Problem description: In the data below, find the line with "150mm schleifscheiben nass" and the line with "R2D2, Hintergrund, Star", then restate both and every line between them exactly, minus the pictures.

Excerpted records:
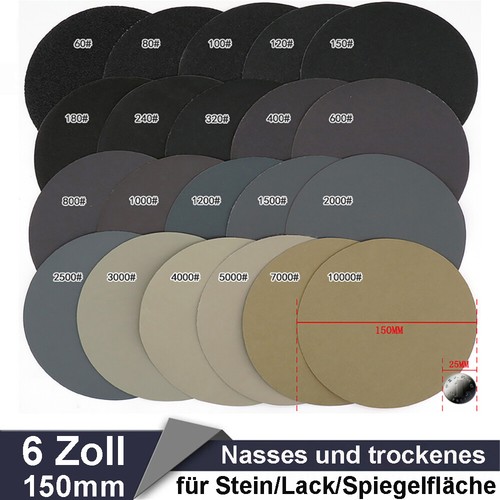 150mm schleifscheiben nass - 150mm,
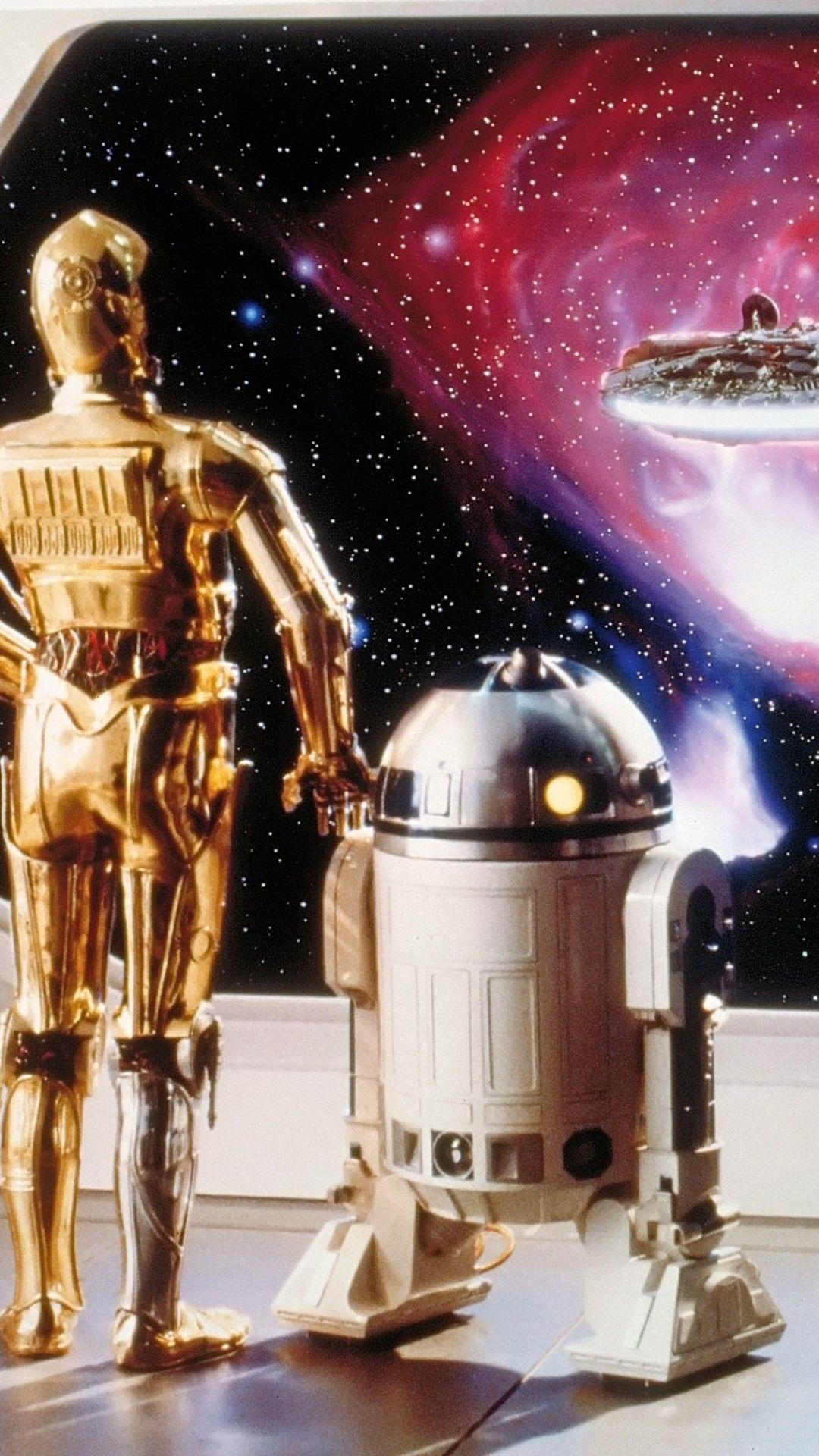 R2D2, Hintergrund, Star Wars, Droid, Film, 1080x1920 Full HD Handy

--

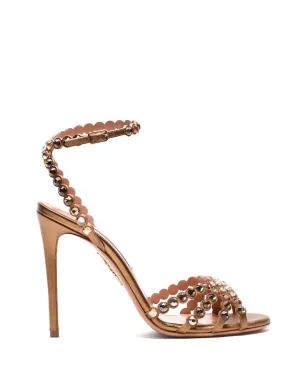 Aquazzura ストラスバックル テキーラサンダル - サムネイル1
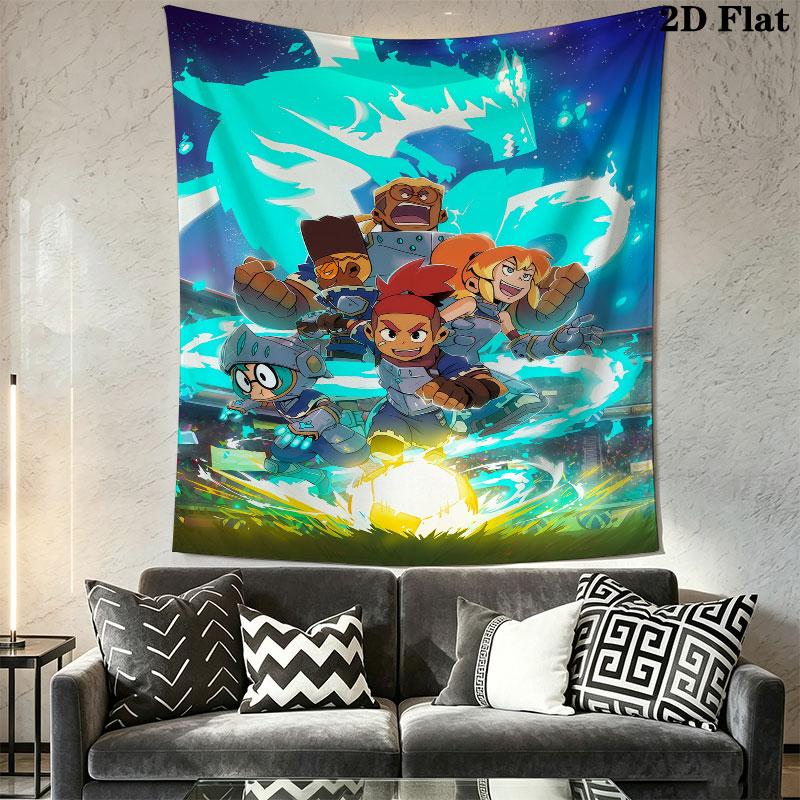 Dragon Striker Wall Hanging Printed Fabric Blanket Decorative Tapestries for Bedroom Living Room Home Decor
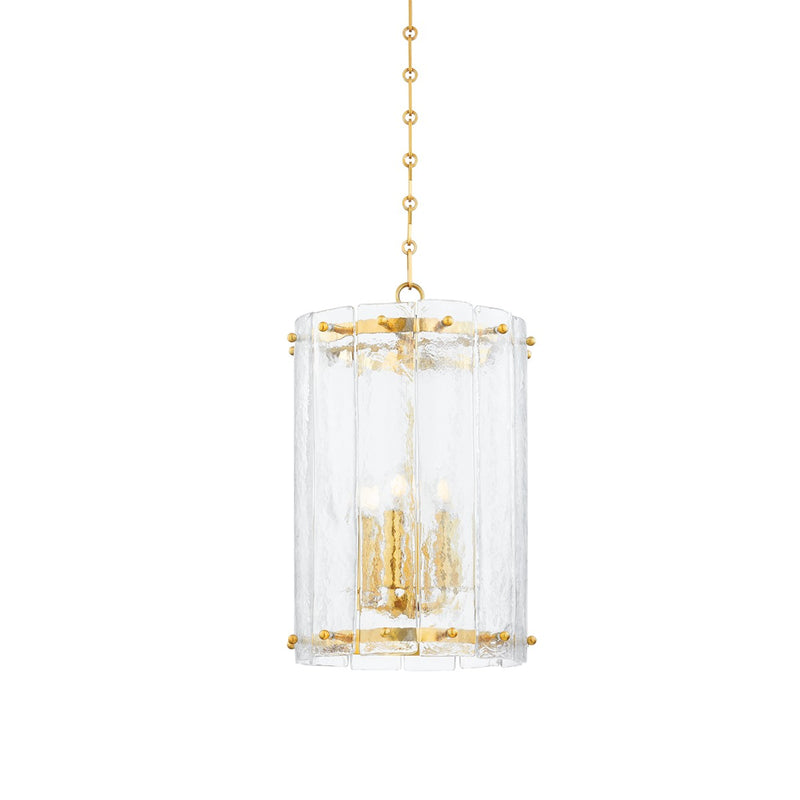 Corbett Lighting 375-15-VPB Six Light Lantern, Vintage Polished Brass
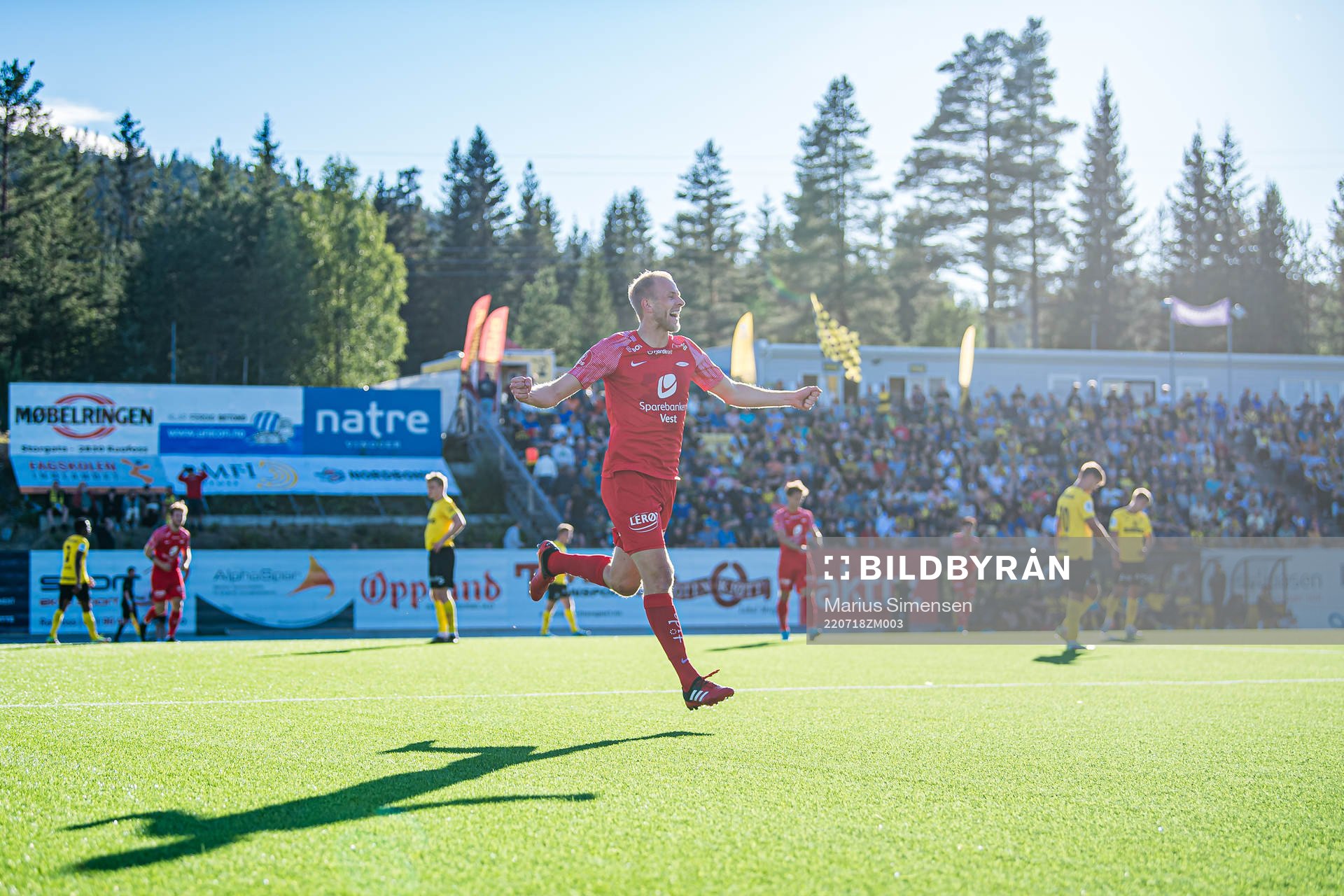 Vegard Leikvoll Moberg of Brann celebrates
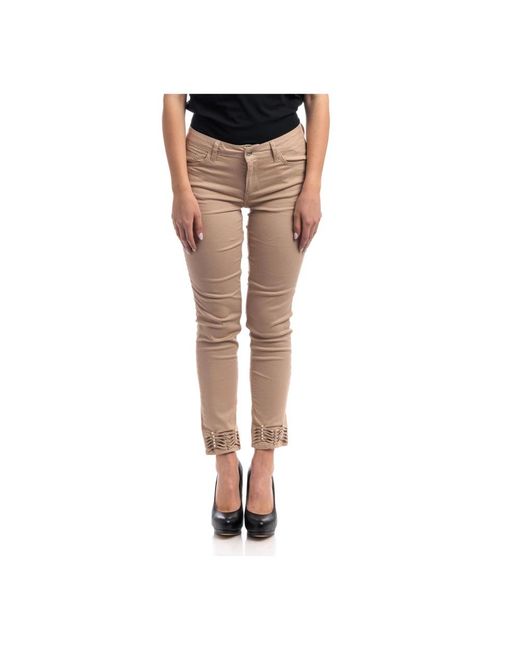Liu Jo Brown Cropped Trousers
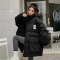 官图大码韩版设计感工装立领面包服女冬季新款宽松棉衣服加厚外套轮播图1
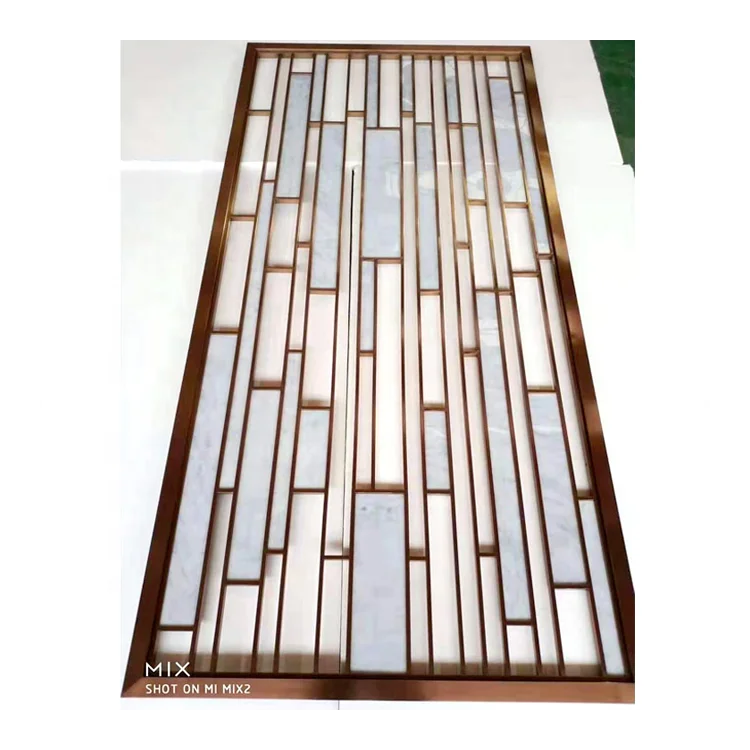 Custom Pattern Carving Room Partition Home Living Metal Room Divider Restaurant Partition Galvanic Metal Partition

==

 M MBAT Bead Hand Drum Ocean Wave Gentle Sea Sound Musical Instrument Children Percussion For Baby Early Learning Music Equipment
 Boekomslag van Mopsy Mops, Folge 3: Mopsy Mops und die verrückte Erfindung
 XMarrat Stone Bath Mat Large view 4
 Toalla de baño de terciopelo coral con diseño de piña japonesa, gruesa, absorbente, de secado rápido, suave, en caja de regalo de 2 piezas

Answer space:
 150mm schleifscheiben nass - 150mm,
 R2D2, Hintergrund, Star Wars, Droid, Film, 1080x1920 Full HD Handy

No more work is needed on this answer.